No son la misma cosa.
Yorsh los había tranquilizado: él y el Capitán se las arreglarían para salvar a sus hijos.
* * *
El día pasó. El atardecer enrojeció el cielo. Finalmente llegaron a la cima de la cascada y de nuevo Yorsh pensó que de la misma manera como ellos habían podido ascender, alguien más, por ejemplo un ejército de Orcos, podría descender.
—No hay otra alternativa —murmuró otra vez, al reconocer su casa. Robi y Erbrow estaban allí.
Tenía que luchar a cada instante contra el deseo feroz de regresar. De nuevo su caballo lo miró con un desinterés tan amable como absoluto por la añoranza que lo atormentaba. Atardeció y llegó la hora de armar el campamento para la noche.
Moron estaba silencioso y tenso. En cambio Meliloto y Paladio tenían deseos de parlotear. Paladio habló de su hijo menor que se obstinaba en no aprender a hablar quizá porque temía que, si aprendía, se volvería grande y no lo mimarían más. Meliloto habló de su hija mayor que hace poco había tenido una hija. Trató de explicar de modo confuso lo que significa ser abuelo y cuán distinto era a ser padre, pero no encontró las palabras y su discurso se quedó en la mitad, interrumpido serenamente, entre los sonidos tenues de la noche de primavera.

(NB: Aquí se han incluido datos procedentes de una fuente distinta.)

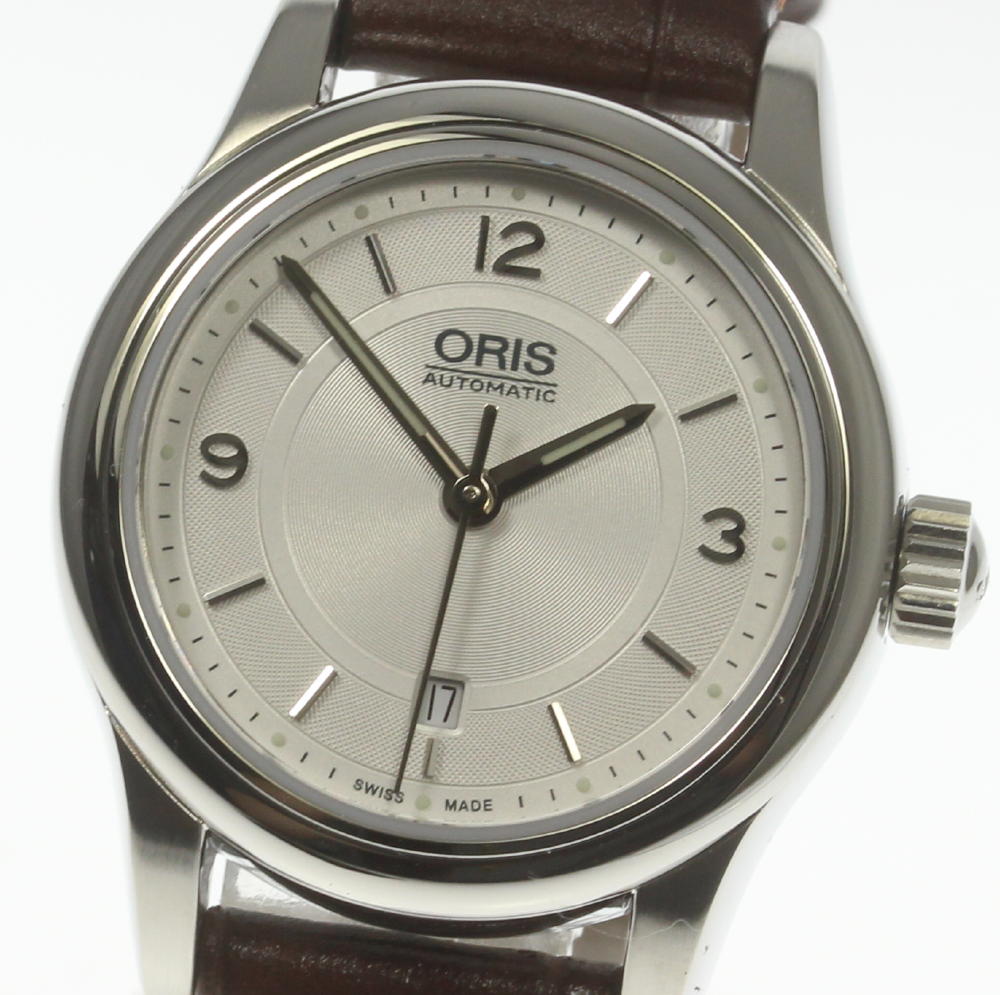 楽天市場 未使用品 箱保付 Oris オリス クラシック デイト 561 7650 4031 自動巻き レディース 中古 Ev15 Closer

Yorsh atrapó con su arco una trucha para cada uno; las asaron sobre un fuego de ramas secas y piñas.
La noche pasó.
* * *
El amanecer estaba neblinoso.
Moron había desaparecido. Era poco creíble que se hubiera aventurado solo en una tierra infestada de Orcos; la única explicación era que hubiera ido a Daligar a vender a Yorsh ante el Juez Administrador a cambio de un puesto como soldado y media pinta de cerveza clara.
Yorsh despertó a Meliloto y a Paladio y les informó con alegría que su sacrificio ya no era necesario: ya no tendrían que ir hasta la Ciudad Puerco Espín corriendo el riesgo de caer en prisión o en la horca, para desencadenar la rabia del Juez contra Yorsh.
Había traído de casa a su traidor personal y esto podía tener ventajas tanto logísticas como organizativas.
Moron se había encargado de echarle encima a todos los soldados disponibles del Condado.